Approach your job search as if it were your job. Behave as you would if you were working for someone and were responsible for outcomes.

How you act during your job search will tell potential employers a lot about how you’d be on the job.

Let’s say you’re a project manager. Would you have fear about contacting someone to ask them for help with a project? Maybe. And you’d do it anyway, because you are responsible for completing the project.  So treat your job search as a project to manage, and see if it changes your attitude.

Perhaps you are someone who loves relationship management – clients, customers, staff, stakeholders. If you were on the job, would you call someone cold to ask them for information and advice? Sure you would! So treat networking as if you were applying your relationship management skills on the job.

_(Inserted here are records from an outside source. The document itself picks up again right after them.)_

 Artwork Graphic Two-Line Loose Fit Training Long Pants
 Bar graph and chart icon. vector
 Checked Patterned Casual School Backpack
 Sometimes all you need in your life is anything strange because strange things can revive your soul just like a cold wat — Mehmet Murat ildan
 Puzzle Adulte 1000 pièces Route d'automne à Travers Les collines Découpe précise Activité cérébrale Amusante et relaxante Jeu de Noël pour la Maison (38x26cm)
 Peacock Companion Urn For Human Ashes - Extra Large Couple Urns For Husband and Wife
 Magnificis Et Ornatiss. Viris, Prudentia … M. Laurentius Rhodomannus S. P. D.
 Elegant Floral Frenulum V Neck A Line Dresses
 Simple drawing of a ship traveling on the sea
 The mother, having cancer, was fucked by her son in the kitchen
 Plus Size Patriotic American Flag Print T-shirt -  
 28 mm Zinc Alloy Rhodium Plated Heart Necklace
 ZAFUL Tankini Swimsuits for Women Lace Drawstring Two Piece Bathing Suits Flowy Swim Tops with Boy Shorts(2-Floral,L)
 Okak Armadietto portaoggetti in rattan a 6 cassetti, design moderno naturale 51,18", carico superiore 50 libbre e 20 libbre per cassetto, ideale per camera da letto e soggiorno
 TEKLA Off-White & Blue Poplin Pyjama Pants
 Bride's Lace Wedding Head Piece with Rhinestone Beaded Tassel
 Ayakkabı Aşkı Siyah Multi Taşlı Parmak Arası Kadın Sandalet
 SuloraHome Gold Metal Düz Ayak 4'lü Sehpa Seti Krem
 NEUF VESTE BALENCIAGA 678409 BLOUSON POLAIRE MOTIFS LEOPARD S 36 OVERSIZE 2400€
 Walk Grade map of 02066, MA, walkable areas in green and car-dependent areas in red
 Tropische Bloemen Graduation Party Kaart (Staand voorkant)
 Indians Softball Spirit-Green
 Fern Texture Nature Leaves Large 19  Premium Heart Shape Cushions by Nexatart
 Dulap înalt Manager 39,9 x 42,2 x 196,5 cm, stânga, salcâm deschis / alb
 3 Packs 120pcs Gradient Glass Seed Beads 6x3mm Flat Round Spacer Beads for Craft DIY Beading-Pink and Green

For example, go on LinkedIn, connect to people you know and come up with great reasons to connect with people you don’t know but who could perhaps be sources of information. Join groups and participate in the discussions. Be visible! Create relationships with new people by contributing to discussions, answering questions, offering resources, “liking” their posts.

You say you deliver results and will do whatever it takes to get the job done. Yet you won’t pick up the phone to call a potential employer to see if they got your materials, or to make a personal connection. You “don’t want to be pushy.” Why not? Would you be afraid of that on the job? Probably not. So why fear that now? If the employer doesn’t want someone who will go to any lengths to get seen for an open position – – then it’s not the “right fit” job for you anyway.

Job search offers many great opportunities for you to show how you’d be on the job – so take them all!